Get Yer Ya-Ya's Out! (1970). Blistering live album documenting the 1969 tour.



Sticky Fingers (1971). A near-perfect album from The Greatest Rock and Roll Band In The World with Mick Taylor on lead and all pistons firing. "Brown Sugar," despite its catchiness, deserves to die. "Sway" has the greatest riff in rock. "Wild Horses" is a song that Keith Richards gave his pal Gram Parsons to record a year before and then made a classic song for this album. "Can't You Hear Me Knocking" has a killer Mick Taylor coda. "You Gotta Move," "Bitch," and "I Got The Blues" make up a series of A- songs before "Sister Morphine," "Dead Flowers," and "Moonlight Mile" hit three all-time pitch perfect final songs.
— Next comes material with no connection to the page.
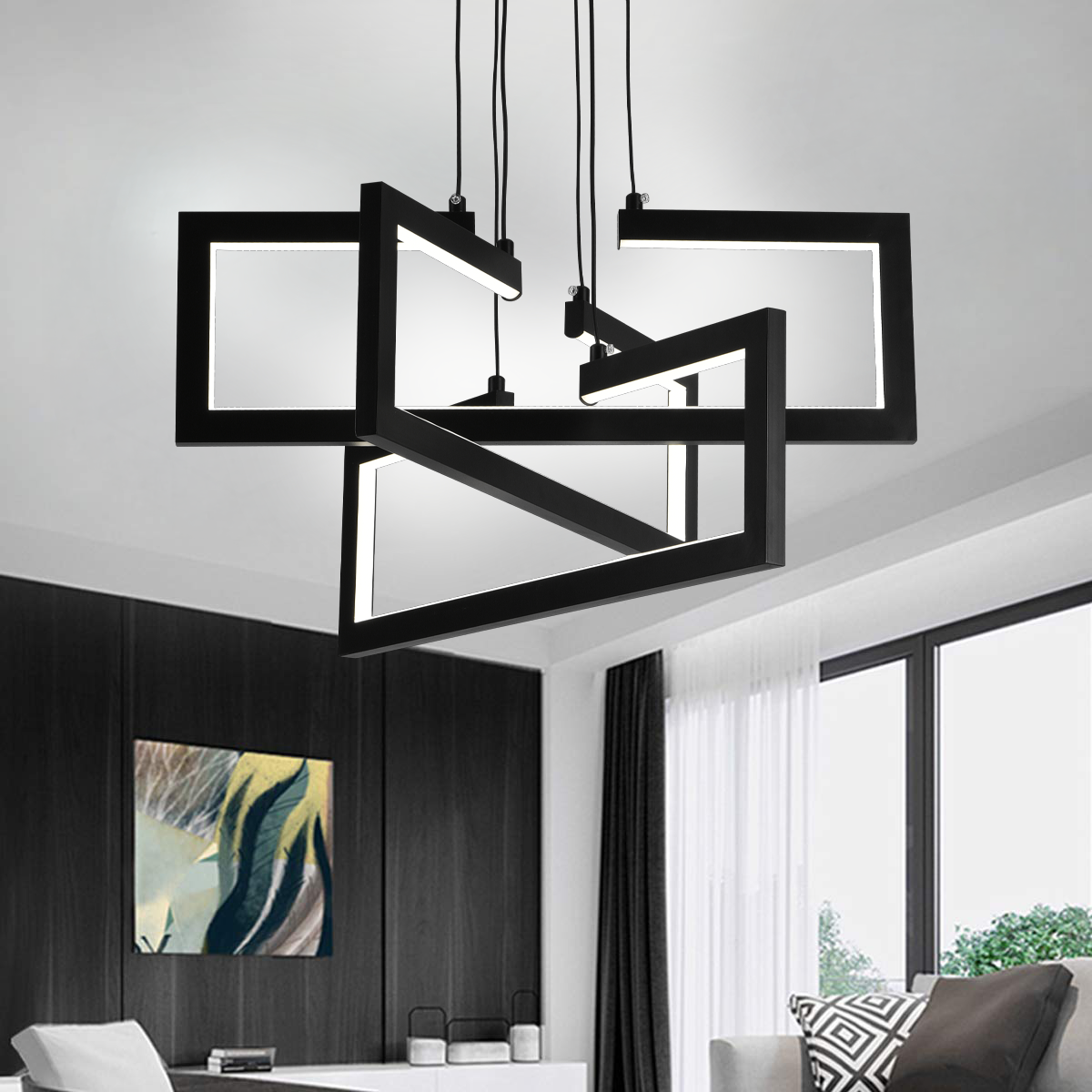 Lustra LED cu telecomanda ,Suspendata 71W, 3 Elemente, lumina Rece/Calda/Neutra, Dimabila, Inaltime Reglabila, Negru Lustre LED cu Telecomanda Default Title Alessandro Design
Exile on Main Street (1972), Exile Outtakes (bootleg, 1972), and I Gave You Diamonds, You Give Me Disease (bootleg, 1972). Exile is a mess, a perfect mess. Like Big Star's Third/Sister Lovers, it is the sound of a band barely keeping it together. Recorded in a French country house with a steady parade of high-profile heroin abusers and high-quality heroin flowing through it like a tide of reasons for the Stones to quit and never start again, they somehow made it work. Magic is when something that shouldn't exist comes to be, and Exile is magic. The two bootlegs collect outtakes and unmixed versions and the I Gave You Diamonds bootleg in particular is an amazing document. The Outtakes bootleg sounds like crap.
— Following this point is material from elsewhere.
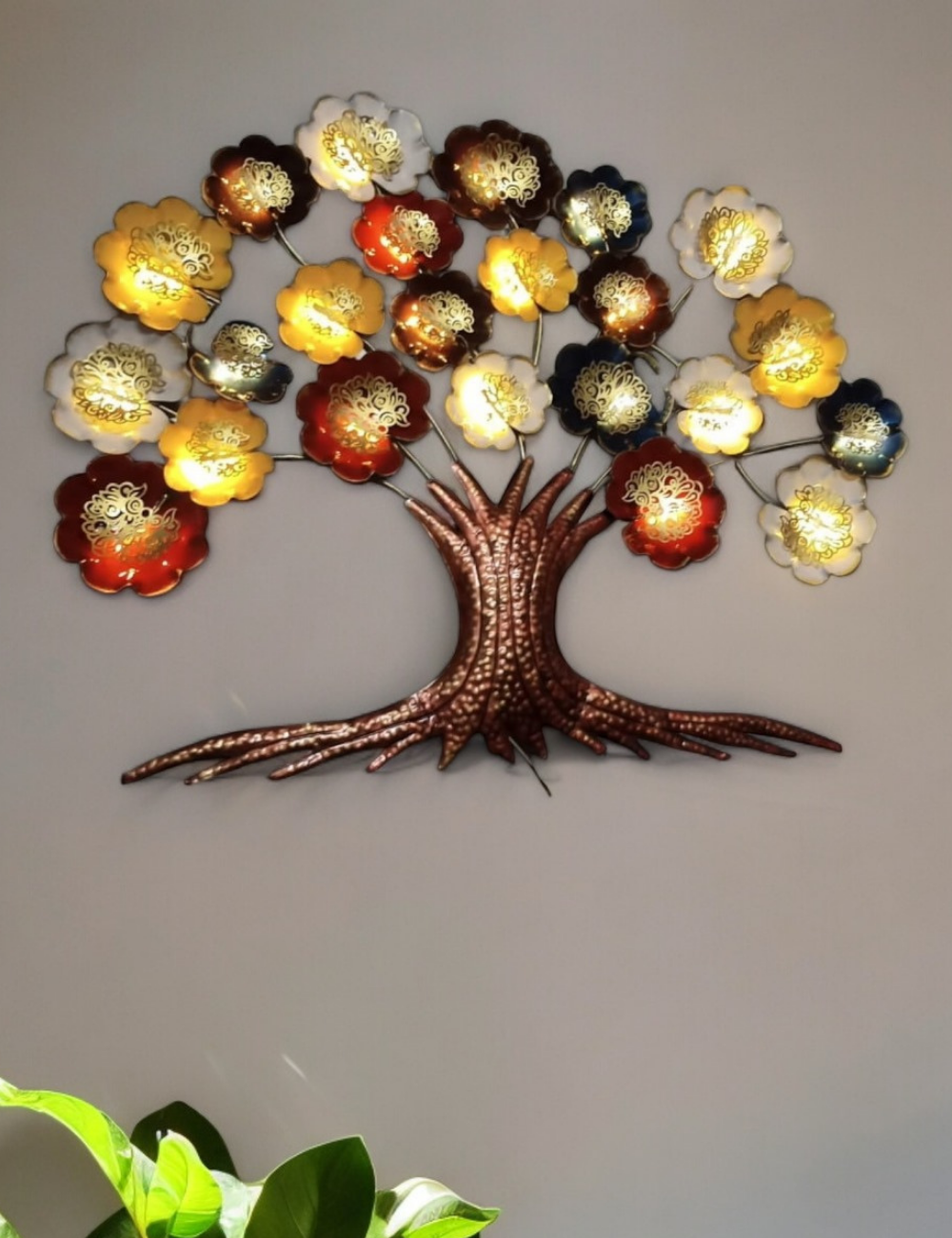Multicolour Flower Tree Metal Wall Decor 60"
Goat's Head Soup (1973). Then the Stones started sucking. "Dancing With Mr. D" and "Star Star" are okay, but only okay. "Angie" and "Doo Doo Doo Doo Doo (Heartbreaker)" are bullshit.



It's Only Rock 'n' Roll (1974). This is the last Stones album with Mick Taylor, who was starting to feel used. They still sort of sucked, but much less so on this album.



Some Girls (1978). With Ron Wood replacing Mick Taylor, the Stones somehow found it in them to make one more good-to-great album. This one has several great songs and several good-to-great songs.

 

"Memo From Turner (Single)" (1970), Hot Rocks (1964-1971) (released 1971), More Hot Rocks (Big Hits & Fazed Cookies) (released 1972), Metamorphosis (released 1975), and Jump Back:The Best of the Rolling Stones 1971-1993 (released 1993).  There's a number of nonalbum tracks and tracks from albums I don't have. "Memo From Turner" is a solo Mick track from the Roeg film Performance. When I switched to the UK albums, I missed out on the nonalbum tracks included on the US albums, like "Paint It, Black," "Ruby Tuesday," and "Let's Spend The Night Together." Metamorphosis, which collects outtakes and alternate tracks from 1964-70, is pretty much the best of these, with the full band version of "Memo From Turner" and the great "I'm Going Down," a pretty amazing track. The Jump Back greatest hits album includes "Emotional Rescue" and "Undercover Of The Night," which are two tracks on albums I really have no interest in picking up.